# Holy crap I'm not homeless anymore



## anywhere_but_here (Jan 24, 2010)

I can't believe it I actually moved into a house after 2 months of living in the shelter and waiting things to materialize. Karma is telling me that I'm on the right path. I started college and just because of college I have a house to live in now. Holy shit for karma


----------



## carlylanea (Jan 24, 2010)

congrats!


----------



## boucaneer (Jan 25, 2010)

thats nice man. enjoy it, have fun and dont fuck it up.

cheers and good luck mate.

what ya sudying by the way?


----------



## mksnowboarder (Jan 25, 2010)

Haha, more people should take advantage of the college thing if they don't want to be homeless. Last time I was without a home, I signed up, and bam! 23g's a year in financial aid.

Basically, if you don't have income and are independent from your 'rents income (basically, be over 25), you'll get somewhere near that amount. More like 13g's without the work-study.
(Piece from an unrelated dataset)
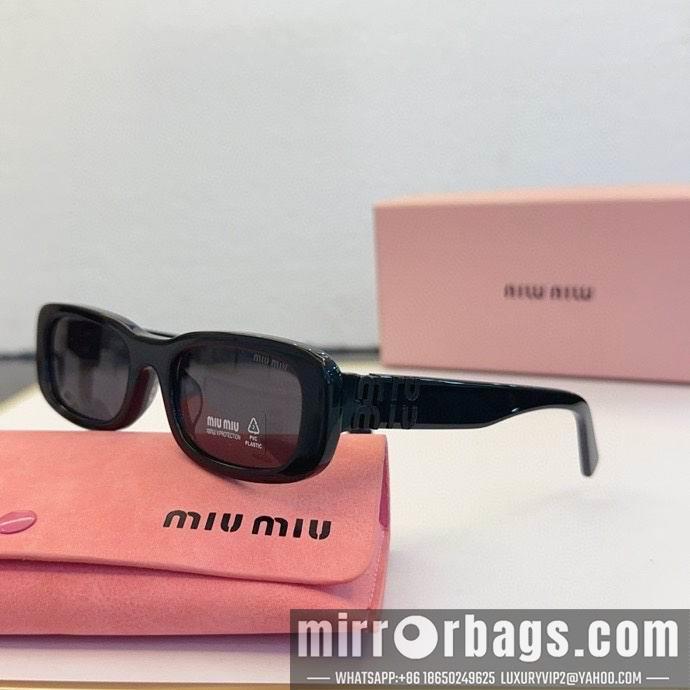 MiuMiu Glasses smx136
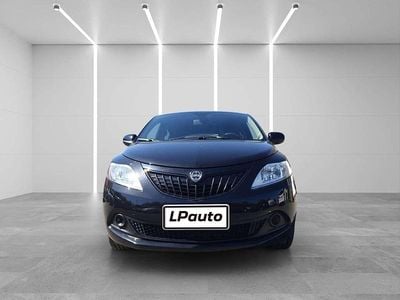 Usata Lancia Ypsilon S 69 CV (50 kW) 2024 Nero Utilitaria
I guess you could even just attend class long enough for the financial aid to be sent out, and then split if you don't care about your credit/future financial aid.

I did a year, and now I'm too restless to sit in class anymore, so I'm planning to leave.

mike


----------



## boucaneer (Jan 25, 2010)

yeah but if you can learn somthing handy then it's fabtastic. all you gotta do is put up with students that have lives a different life from you!

you could show them a thing or two.


----------



## anywhere_but_here (Jan 27, 2010)

well i had to drop out cuz the financial aid didn't come thru. gotta wait until fall semester to get in state tuition that isn't ridiculously expensive. but i can work full time and save up some money and go back get my entrepreneurship aa and get some business loans and start up the head shop that I've been planning on starting


----------



## Apples (Jan 27, 2010)

Let me work in your head shop.


----------



## anywhere_but_here (Jan 28, 2010)

It'll be a while


----------



## boucaneer (Jan 28, 2010)

anywhere_but_here said:


> well i had to drop out cuz the financial aid didn't come thru. gotta wait until fall semester to get in state tuition that isn't ridiculously expensive. but i can work full time and save up some money and go back get my entrepreneurship aa and get some business loans and start up the head shop that I've been planning on starting


 

sorry to hear that. better luck next time round.


----------